Their popular religion was the key element for the recognition of their own Andean identity. In the year of 1985, members of the Provincial Club of Quispicanchis from Lima organized a pilgrimage to the shrine of the Señor de Qoyllur Rit’i (Altamirano and Ávila Molero 2016, p. 222). During this pilgrimage, they became aware of the number of devotees; elated by this, they decided to establish a brotherhood in Lima. This is how they initiated the ceremonies in their own Provincial Club, and later, with the support of an indigenous pastoral priest, they incorporated the celebrations of the Eucharist in Quechua language, which were in fact the first to be held in all of Lima.
The group of devotees grew, so they transferred to the church of Saint Stephen (San Esteban), the second oldest church in the Peruvian capital. In this church, the brotherhood installed a tapestry with a drawing that reproduced the original image of the Señor de Qoyllur Rit’i engraved in stone. Surrounding this tapestry, images of the Virgin Mary and patron saints from other originating districts of Cuzco migrants were also installed.
The church of san Sebastián became a centre for the Andean popular religion in Lima, and the devout recreated the rites they have brought from their regions. Known as the Church of the Quechuainhabitants, it is home to 60 brotherhoods or guilds, all with a particular devotion. On the first Friday of each month, the mass is celebrated in Quechua language in a festive ambiance. Troupes composed by musicians and dancers participate with their apparel inspired in the annual celebration of Cuzco. Various generations of migrants from the different regions of Cuzco intermingle during the celebrations. According to Teófilo Altamirano and Javier Avila Molero, the Lima rites have incorporated urban innovations in order to adapt them to the lives of the emigrated persons. (Altamirano and Ávila Molero 2016, p. 222).

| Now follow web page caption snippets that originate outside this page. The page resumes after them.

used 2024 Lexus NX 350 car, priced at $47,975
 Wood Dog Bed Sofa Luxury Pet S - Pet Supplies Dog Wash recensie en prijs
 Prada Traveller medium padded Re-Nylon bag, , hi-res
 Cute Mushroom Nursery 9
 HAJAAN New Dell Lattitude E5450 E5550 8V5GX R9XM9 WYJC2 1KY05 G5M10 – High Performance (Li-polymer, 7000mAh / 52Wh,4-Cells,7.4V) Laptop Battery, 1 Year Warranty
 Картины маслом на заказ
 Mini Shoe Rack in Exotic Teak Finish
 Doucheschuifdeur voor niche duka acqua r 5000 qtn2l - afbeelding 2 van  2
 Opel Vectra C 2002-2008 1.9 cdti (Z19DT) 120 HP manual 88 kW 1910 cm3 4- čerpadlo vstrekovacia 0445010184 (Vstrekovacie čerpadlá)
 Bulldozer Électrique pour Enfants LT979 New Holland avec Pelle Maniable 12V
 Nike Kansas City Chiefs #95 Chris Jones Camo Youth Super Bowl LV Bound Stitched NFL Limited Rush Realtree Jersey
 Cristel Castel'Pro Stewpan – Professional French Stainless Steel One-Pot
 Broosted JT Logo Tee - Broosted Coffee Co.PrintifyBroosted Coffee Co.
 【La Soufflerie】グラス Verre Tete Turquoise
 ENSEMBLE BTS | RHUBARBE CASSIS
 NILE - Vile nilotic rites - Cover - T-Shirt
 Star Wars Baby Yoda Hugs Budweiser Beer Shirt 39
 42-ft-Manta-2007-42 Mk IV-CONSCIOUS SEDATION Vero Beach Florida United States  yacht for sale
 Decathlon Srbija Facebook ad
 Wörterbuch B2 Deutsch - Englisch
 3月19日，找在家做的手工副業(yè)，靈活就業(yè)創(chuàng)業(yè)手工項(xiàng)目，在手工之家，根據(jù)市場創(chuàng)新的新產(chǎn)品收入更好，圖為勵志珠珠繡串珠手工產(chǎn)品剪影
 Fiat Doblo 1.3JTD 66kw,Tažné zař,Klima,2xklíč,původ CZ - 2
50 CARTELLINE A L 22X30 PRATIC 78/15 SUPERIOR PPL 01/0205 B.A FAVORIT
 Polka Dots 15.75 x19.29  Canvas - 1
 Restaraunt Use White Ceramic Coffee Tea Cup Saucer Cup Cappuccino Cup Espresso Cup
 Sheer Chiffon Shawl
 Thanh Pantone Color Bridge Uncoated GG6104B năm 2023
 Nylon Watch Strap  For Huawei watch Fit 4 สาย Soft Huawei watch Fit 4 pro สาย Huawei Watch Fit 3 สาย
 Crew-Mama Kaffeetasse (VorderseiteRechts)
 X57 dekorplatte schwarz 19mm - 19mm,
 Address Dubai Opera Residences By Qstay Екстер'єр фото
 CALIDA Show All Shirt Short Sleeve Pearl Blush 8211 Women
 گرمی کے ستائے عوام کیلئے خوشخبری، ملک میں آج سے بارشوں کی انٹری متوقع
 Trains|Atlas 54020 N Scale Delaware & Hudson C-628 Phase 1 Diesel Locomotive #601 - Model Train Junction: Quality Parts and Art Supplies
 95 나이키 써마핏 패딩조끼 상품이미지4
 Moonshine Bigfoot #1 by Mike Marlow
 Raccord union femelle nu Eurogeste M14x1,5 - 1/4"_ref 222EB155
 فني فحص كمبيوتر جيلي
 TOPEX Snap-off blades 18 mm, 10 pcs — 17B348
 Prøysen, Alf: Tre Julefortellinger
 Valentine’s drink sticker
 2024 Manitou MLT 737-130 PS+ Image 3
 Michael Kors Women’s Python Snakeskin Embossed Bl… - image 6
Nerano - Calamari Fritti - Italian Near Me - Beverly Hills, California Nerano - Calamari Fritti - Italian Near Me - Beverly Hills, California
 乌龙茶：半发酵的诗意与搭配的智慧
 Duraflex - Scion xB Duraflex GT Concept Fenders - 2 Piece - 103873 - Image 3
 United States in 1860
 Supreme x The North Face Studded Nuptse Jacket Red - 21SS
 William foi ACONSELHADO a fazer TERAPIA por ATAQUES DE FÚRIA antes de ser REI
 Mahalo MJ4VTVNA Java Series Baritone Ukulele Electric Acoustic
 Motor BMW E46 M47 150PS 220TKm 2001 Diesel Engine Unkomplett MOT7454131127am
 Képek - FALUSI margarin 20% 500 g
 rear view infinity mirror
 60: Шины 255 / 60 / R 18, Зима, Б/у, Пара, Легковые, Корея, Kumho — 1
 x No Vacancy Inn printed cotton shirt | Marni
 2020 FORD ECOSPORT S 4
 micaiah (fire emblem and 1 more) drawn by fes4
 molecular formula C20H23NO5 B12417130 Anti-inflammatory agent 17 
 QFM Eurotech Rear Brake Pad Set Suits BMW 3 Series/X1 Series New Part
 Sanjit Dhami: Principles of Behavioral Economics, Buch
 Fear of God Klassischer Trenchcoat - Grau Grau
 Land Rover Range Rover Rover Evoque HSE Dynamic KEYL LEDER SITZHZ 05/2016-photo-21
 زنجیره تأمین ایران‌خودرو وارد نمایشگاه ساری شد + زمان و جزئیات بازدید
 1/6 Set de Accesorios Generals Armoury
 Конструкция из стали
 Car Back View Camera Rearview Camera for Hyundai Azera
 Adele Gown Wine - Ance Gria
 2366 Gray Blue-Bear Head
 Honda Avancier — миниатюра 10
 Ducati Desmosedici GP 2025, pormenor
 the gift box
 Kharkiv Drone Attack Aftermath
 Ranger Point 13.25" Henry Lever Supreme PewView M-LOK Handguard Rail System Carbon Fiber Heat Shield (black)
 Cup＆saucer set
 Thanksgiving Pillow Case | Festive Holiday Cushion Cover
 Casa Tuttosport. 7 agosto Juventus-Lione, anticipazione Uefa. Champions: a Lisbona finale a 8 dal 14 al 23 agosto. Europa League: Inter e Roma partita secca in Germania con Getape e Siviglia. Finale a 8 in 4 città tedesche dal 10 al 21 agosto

Among the accomplishments of the devotion to the Señor de Qoyllur Rit’i in Lima, it is important to highlight that it allows the Quechuas to appropriate the public spaces surrounding the temple. Additionally, each year, they organize a procession towards the Cathedral of Lima that is composed by a parade with the troupes and the participation of the devout and the brotherhoods that carry the saints and virgins they are devoted to. When they arrive at the cathedral, the mass is celebrated in the Quechua language. The date of the first celebration in the cathedral is 1997, a surprising fact considering that systematically there has been an invisibilization of the indigenous culture (Ávila 2002, p. 239). Known as the “Andean Corpus Christi,” the celebration of the Señor de Qoyllur Rit’i is, today, an event that does not go unnoticed in Lima. Over 4000 faithful attend those annual celebrations, and more than 50 troupes parade their dances through the main streets of Lima and the Plaza Mayor (the main city square).
The Eucharist is presided by the Cardinal of Lima and ends with the celebration of the “Day of the Andean Song,” which is sponsored by the Metropolitan Municipality of Lima.
Through the faith manifestations in the public arena of Lima, Andean migrants are activated to overcome their social, cultural and political exclusion. At the same time, they develop new forms of identification, a process that Beatriz Silveira Castro Filgueiras summarized as: “In opposition to this Lima-lization, where they were not welcome, the new inhabitants of the city affirm their presence and cultural security identifying not as people from Lima but rather as provincials, as inhabitants from some popular district of the city (…), as Cholos, or simply as Peruvians” (Silveira Castro Filgueiras 2014, p. 82).
The term “Cholo” has a racist slant directed towards people of Andean origin or from rural areas. Used as a verb, “cholear” means to humiliate or degrade. The growing visibility of country folk is known as “cholification,” and it is also related to the construction of a new rural or Andean identity in a city that is exclusionary, where the people from Lima were normally seen as creoles (or of European descent). Take note that the Andean migrants transform the negative semantic to identify themselves as Cholos, proud and conscious of their culture, and they have accomplished their recognition in Lima. In this sense, they avoid being identified as “limeños,” or people from Lima, and in turn adopt the national identity of Peruvian in order to create “a new symbolic horizon where everyone can be recognized” (Bonilla 2010, p. 110). Avoiding exclusionary identity classifications, they set the stage for a new national culture of inclusion, “un nuevo “nosotros” nacional” (a new national us (Bonilla 2010, p. 112).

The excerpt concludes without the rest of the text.